Burglary is most often charged as a state crime, but it can have federal implications. Burglary is generally defined as unlawful entry into a dwelling with the intent to commit a felony. It is considered a violent felony and counts as a "strike" for the purposes of the federal Armed Career Criminal Act (ACCA) and for state-level "three strikes" laws like the one in Washington.

The ACCA mandates a 15-year sentence for people convicted of firearms offenses after three previous convictions involving specified felonies, including residential burglary. The potential federal effect of a burglary conviction was why the U.S. Supreme Court recently took up a pair of cases involving the definition of burglary.

It may surprise you that residential burglary is considered a violent crime.
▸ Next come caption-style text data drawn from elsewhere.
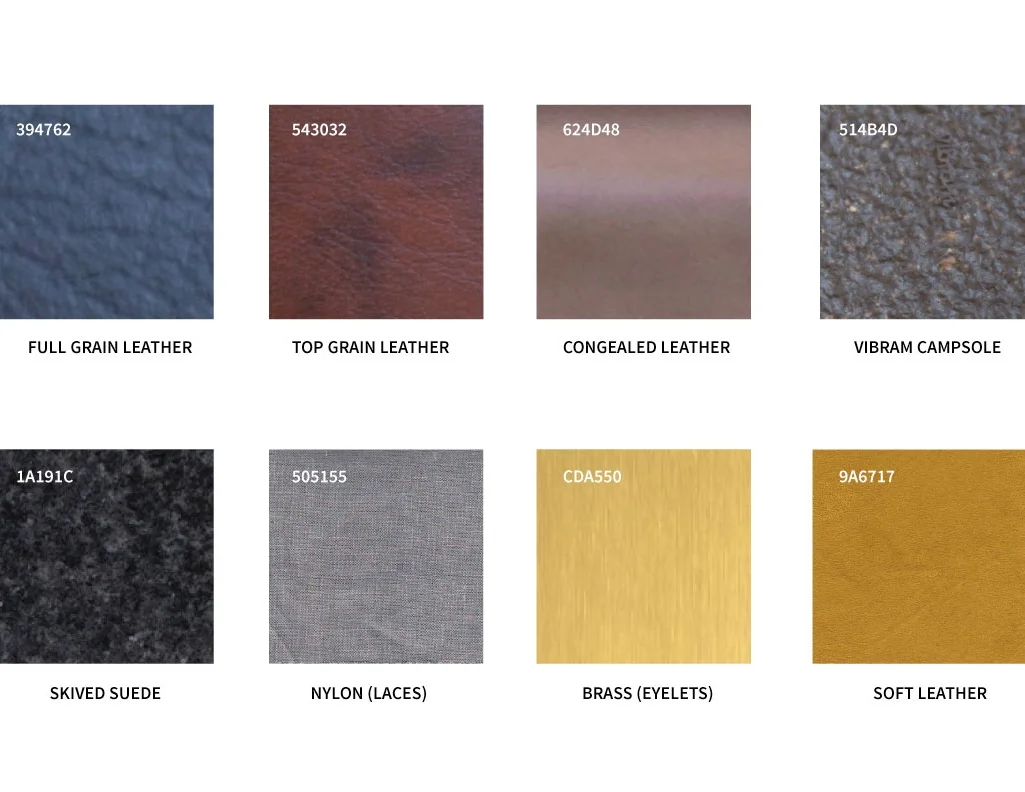 hovachukka-palette.jpg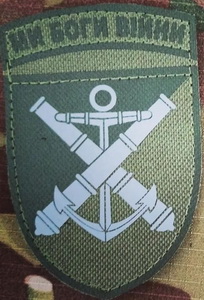 406-102.jpg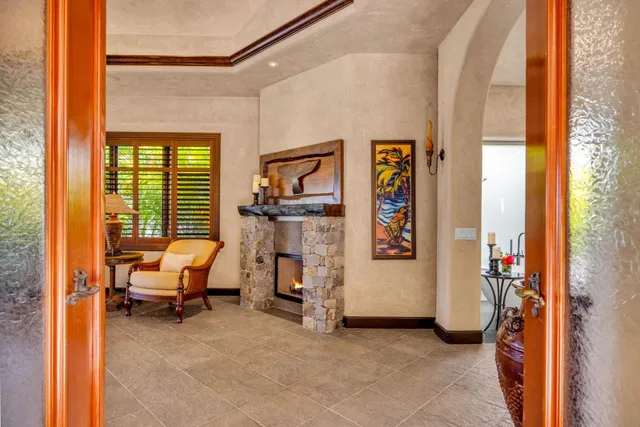 $5,300,000 | 112 Pulelehua Street, Lahaina, HI 96761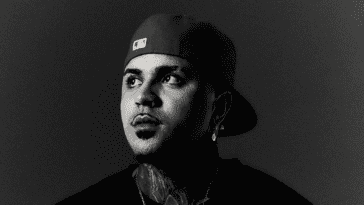 TOKIODK lança o novo disco TESTEMUNHAS DE TOKIODK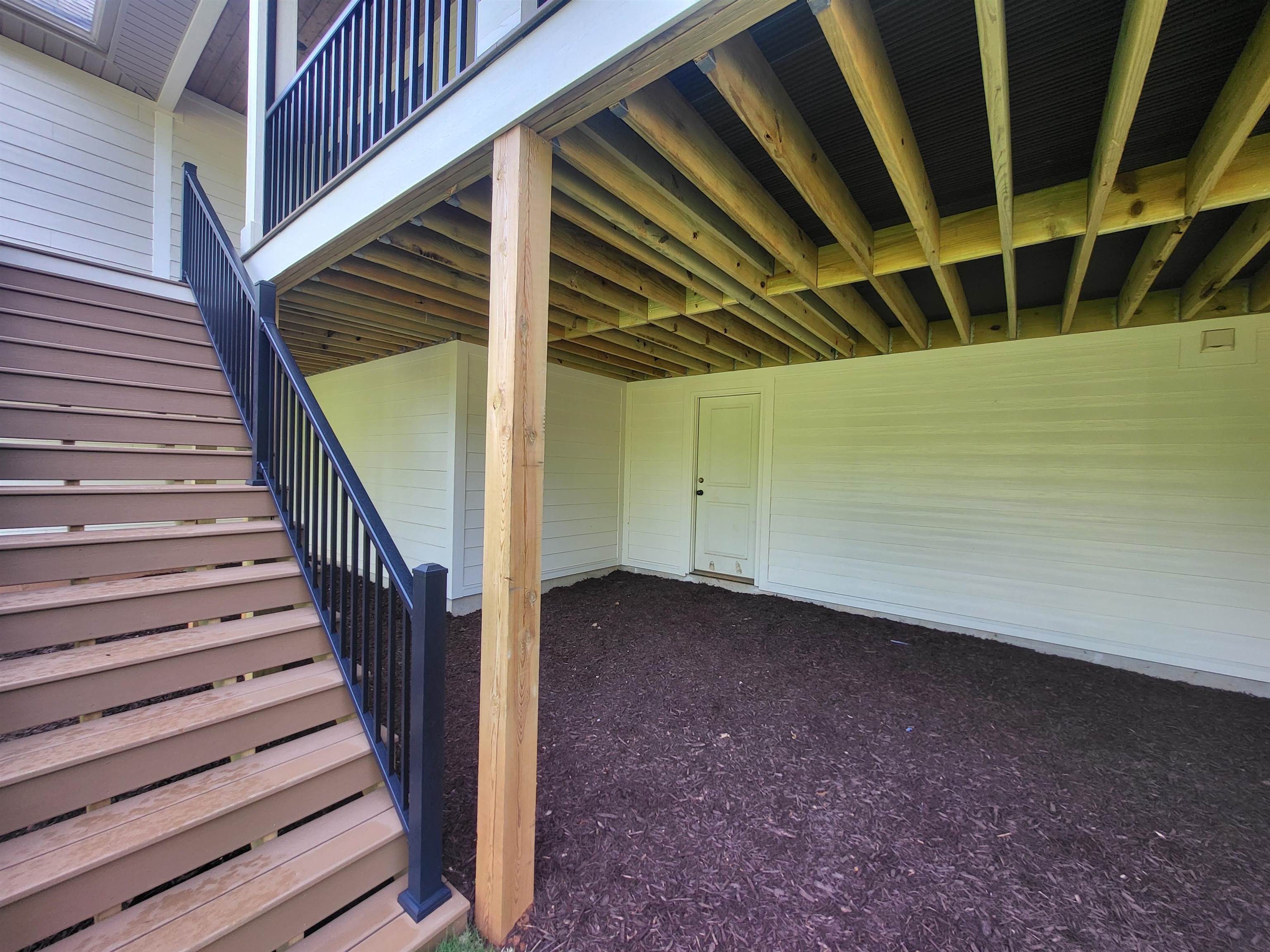 3963 Pennington Road, Greer, South Carolina image 31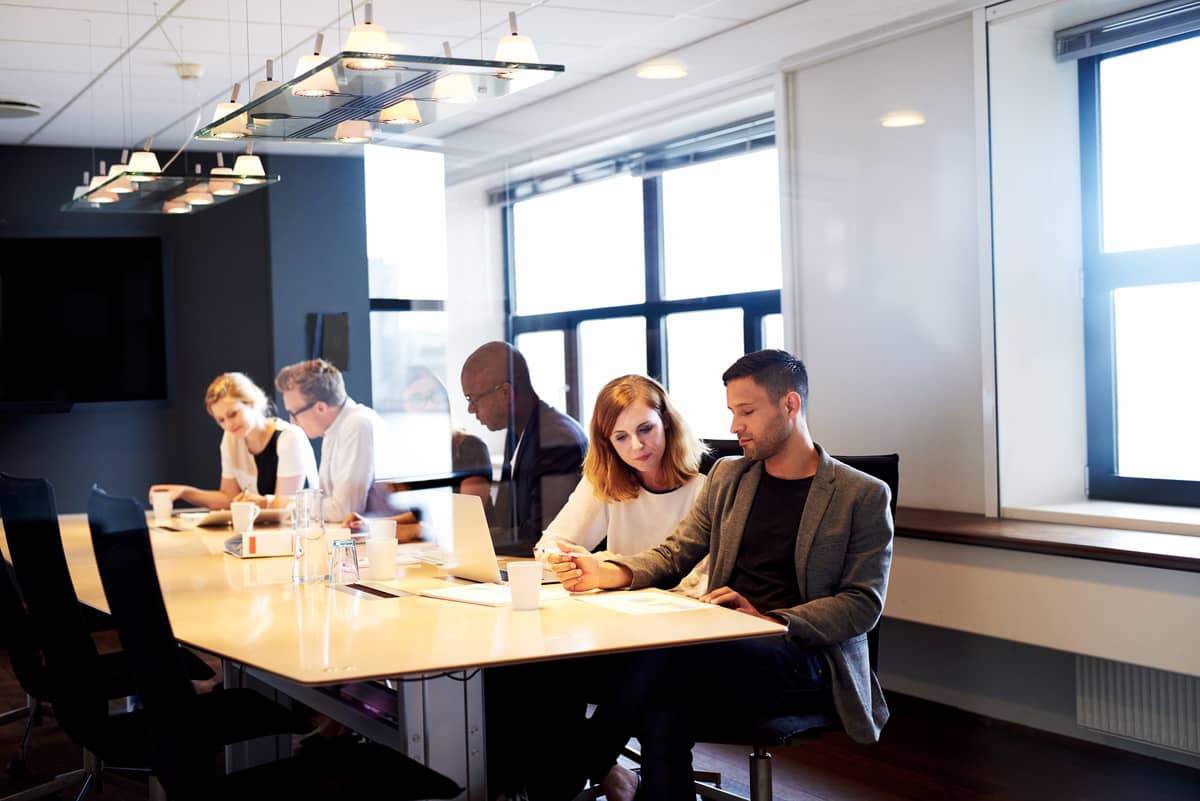 Advance Your Career This Summer – Join City of London College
After all, many such burglaries occur when no one is home, so no violence occurs. That said, home burglary is often classified as a violent crime because it carries a substantial risk of a violent confrontation with the homeowner.

Would stealing from an RV, mobile home or tent be considered burglary?

Yes, for the purposes of the Armed Career Criminal Act. (Vehicles are specifically exempted from Washington's definition of residential burglary.)

Due to a previous Supreme Court opinion, the ACCA relies on a generic definition of burglary. When the federal government determines whether a state burglary conviction counts toward the three "strikes" in the ACCA, it compares the legal elements of that state's burglary statute with those assumed by the ACCA. If the elements are the same, the state conviction counts as an ACCA strike.

In the two cases recently brought before the U.S. Supreme Court, the defendants claimed their state burglary convictions shouldn't count as ACCA strikes. The ACCA definition of burglary specifies that the unlawful entry be into a "building or structure," the defendants argued. The burglary statutes in their states included vehicles in addition to buildings and structures. Does burglarizing a non-structure such as a tent or vehicle count as a strike under the ACCA?

In a unanimous opinion, the Supreme Court decided that it does. Both of the state statutes contained language including, as habitations, vehicles that had been adapted for or customarily used for overnight accommodation. The justices pointed out that such a robbery would create a similar risk of a violent confrontation with the vehicle's owner. The court added that the burglary "of a mobile home, an RV, [and even] a camping tent" would meet the definition of burglary used in the ACCA.

In other words, if you were convicted of burglarizing a tent, an RV or a car that someone has been sleeping in, that conviction would count as a "strike" under the federal ACCA.